> Activity:
Among the entries below, take the line with "Oto Çıkma Parça" and the line with "QR code with Honey Banana contacts", and output them and every line between them exactly, with nothing else.
[Record excerpts — start]
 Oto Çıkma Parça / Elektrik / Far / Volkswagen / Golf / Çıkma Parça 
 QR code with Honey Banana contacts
[Record excerpts — finish]
[Record excerpts — start]
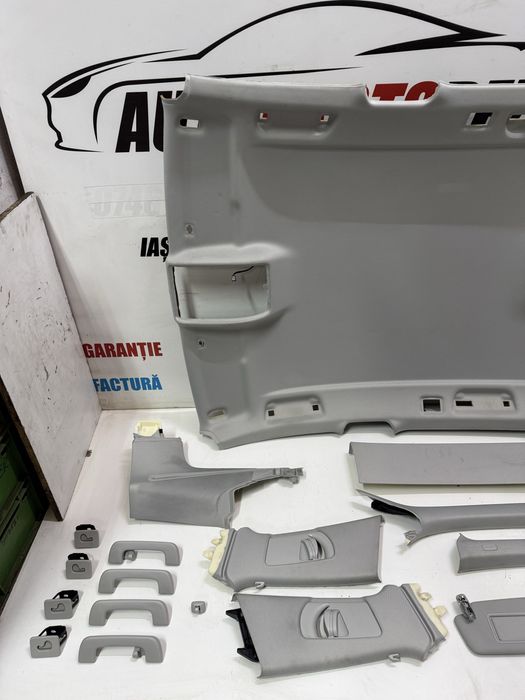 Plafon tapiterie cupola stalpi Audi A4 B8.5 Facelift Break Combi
[Record excerpts — finish]
> Result:
 Oto Çıkma Parça / Elektrik / Far / Volkswagen / Golf / Çıkma Parça 
 QR code with Honey Banana contacts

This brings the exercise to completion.